> **Problem**:
The lines wanted are those from the one containing "Nintendo Switch HAC-001(-01)" to the last line of the entries below; output them exactly, leaving out pictures.

Segment Start: Exercise materials

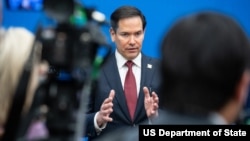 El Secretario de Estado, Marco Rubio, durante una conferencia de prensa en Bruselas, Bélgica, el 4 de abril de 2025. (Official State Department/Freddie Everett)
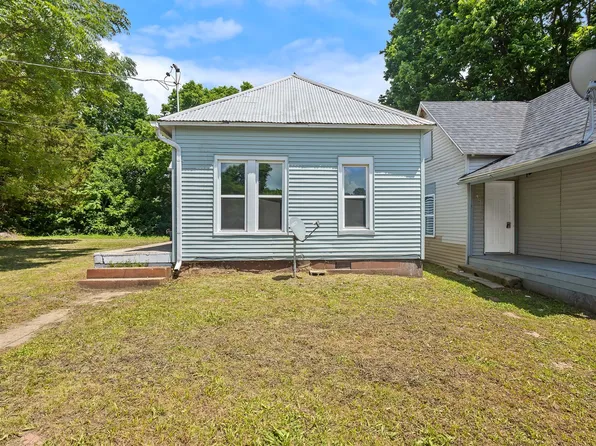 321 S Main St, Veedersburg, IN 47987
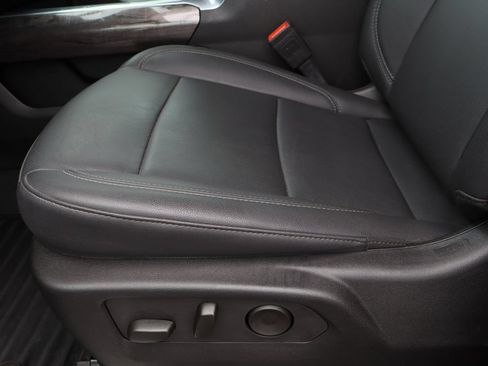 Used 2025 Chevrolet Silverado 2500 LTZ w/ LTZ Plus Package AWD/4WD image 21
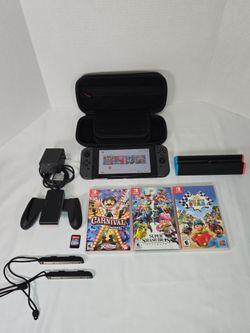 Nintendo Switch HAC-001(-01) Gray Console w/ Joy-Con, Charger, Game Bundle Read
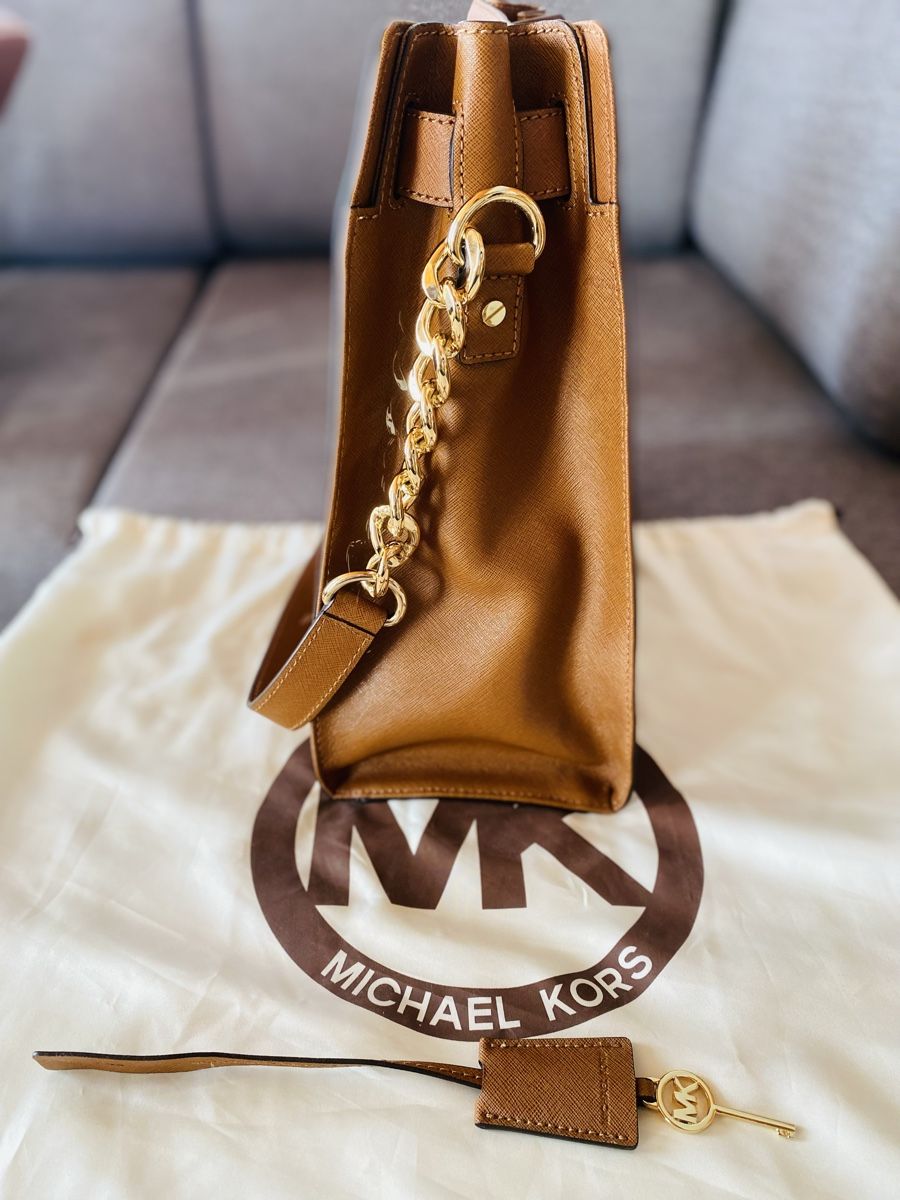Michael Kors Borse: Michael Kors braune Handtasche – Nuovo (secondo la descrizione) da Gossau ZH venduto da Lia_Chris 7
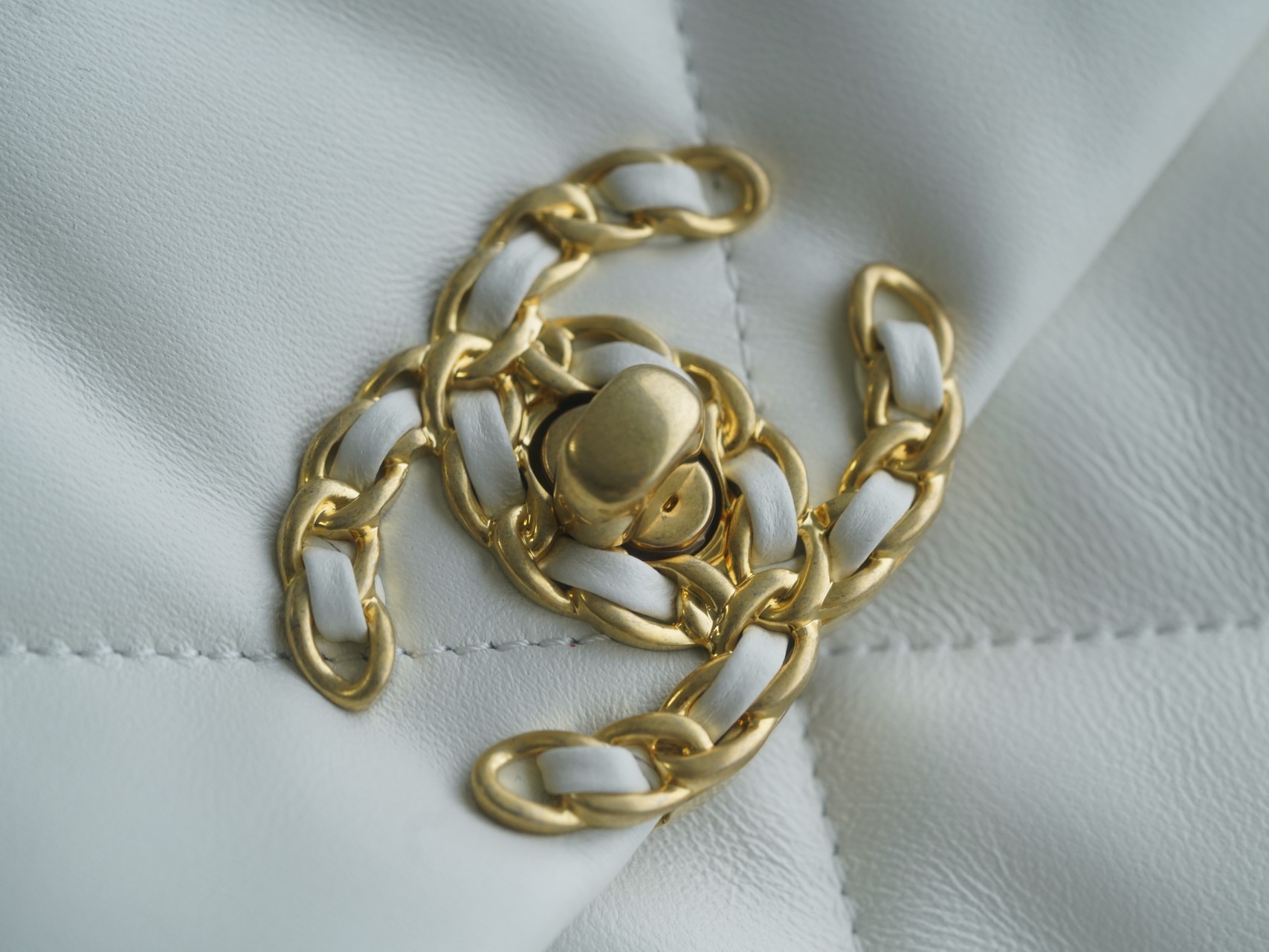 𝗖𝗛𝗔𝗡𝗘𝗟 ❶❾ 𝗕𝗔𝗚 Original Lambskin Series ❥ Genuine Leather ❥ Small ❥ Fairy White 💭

Segment End: Exercise materials

> **Result for this task**:
 Nintendo Switch HAC-001(-01) Gray Console w/ Joy-Con, Charger, Game Bundle Read
Michael Kors Borse: Michael Kors braune Handtasche – Nuovo (secondo la descrizione) da Gossau ZH venduto da Lia_Chris 7
 𝗖𝗛𝗔𝗡𝗘𝗟 ❶❾ 𝗕𝗔𝗚 Original Lambskin Series ❥ Genuine Leather ❥ Small ❥ Fairy White 💭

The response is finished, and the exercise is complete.